Mais l’essentiel à retenir de cet épisode se trouve dans un point fondamental, qui ponctue toute cette confusion. Il s’agit de l’affirmation de deux pays hors du cercle du Système, hors du processus de l’“idéal de puissance”, qui parviennent à avancer une option de supériorité technologique dans un domaine fondamental, sur le plus grand moteur du Système et intégrateur de l’“idéal de puissance”, sur le plus grand producteur et concepteur de puissance du système du technologisme.
Ce qu’arrivent à faire les Russes et les Chinois ne représente pas un épisode d’une compétition à l’intérieur du Système et sous l’inspiration de l’“idéal de puissance”, mais une défaite du Système et de l’“idéal de puissance”. Ils mettent en cause l’hégémonie de l’archétype même du moteur du Système et de l’élément clef au cœur du système du technologisme (les USA), dans le domaine fondamental du système du technologisme. Ils ne démontrent pas la toute puissance de la technologie, – chose qui est aussi évidente qu’une lapalissade dans un univers dont la règle de base est le règne de la toute puissance de la technologie. Ils démontrent que la technologie ne dépend plus de la toute puissance que sont les USA, cœur du Système, qu’au contraire la technologie au cœur du Système et à l’avant-garde du système du technologisme se trouve à son point de blocage et d’impuissance.

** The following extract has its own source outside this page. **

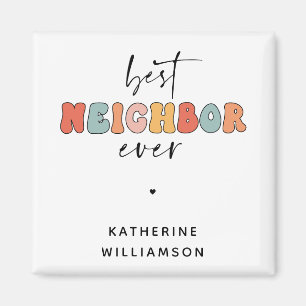 Personalised Retro Best Neighbour Ever Cute Magnet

Nous observons cela quelles que soient les pensées et les ambitions russes et chinoises. Dans ce cas et selon notre conception, Russes et Chinois sont “utilisés” par les événements plus qu’ils ne les utilisent… Ils ne reprennent pas le flambeau qu’auraient laissé tomber les USA, ils constatent simplement que ce flambeau est désormais accessible à d’autres qu’aux USA, qu’il ne constitue plus l’alpha et l’oméga de la marche du monde.